La balance des risques relatifs au scénario de référence mondial penche vers la baisse. Un déploiement plus lent que prévu de la vaccination permettrait au virus de muter davantage. Les conditions financières pourraient se durcir rapidement, sous l’effet par exemple d’une révision des perspectives de la politique monétaire au sein des pays avancés, si les anticipations inflationnistes s’accentuent plus rapidement que prévu. Une détérioration de la dynamique de la pandémie et un resserrement des conditions financières extérieures porteraient un double coup aux pays émergents et aux pays en développement, ce qui retarderait sérieusement leur reprise et plomberait la croissance mondiale en dessous du scénario de référence établi dans la présente mise à jour.

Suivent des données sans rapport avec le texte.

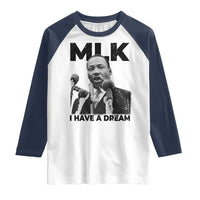 Martin Luther King Raglan Shirt I Have A Dream MLK Black History Month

L’action multilatérale tient un rôle capital dans l’atténuation des divergences et l’affermissement des perspectives mondiales. Dans l’immédiat, la priorité consiste à garantir le déploiement d’une vaccination équitable à travers le monde. Une proposition des services du FMI, approuvée conjointement par l’Organisation mondiale de la santé, l’Organisation mondiale du commerce et la Banque mondiale, et portant sur un montant de 50 milliards de dollars, prévoit des objectifs clairs et des mesures pragmatiques moyennant un coût raisonnable pour mettre un terme à la pandémie. Les pays confrontés à des difficultés financières nécessitent également un accès sans entraves à des sources de liquidité internationale. La proposition du FMI de procéder à une allocation générale de droits de tirage spéciaux (DTS) à hauteur de 650 milliards de dollars est destinée à accroître les avoirs de réserve de tous les pays et à assouplir les restrictions sur la liquidité. En outre, les pays doivent, collectivement, redoubler d’efforts afin de réduire leurs émissions de gaz à effet de serre. Ces mesures multilatérales peuvent s’accompagner de politiques nationales en fonction du stade de la crise, permettant de favoriser une relance durable et inclusive. Des politiques concertées et bien ciblées peuvent faire la différence entre un avenir caractérisé par un redressement durable dans tous les pays, et un avenir constitué de fractures grandissantes, dans lequel de nombreux pays luttent contre la crise sanitaire, tandis qu’une poignée d’autres connaîtraient une normalisation de la situation, mais avec la menace constante d’une recrudescence des infections.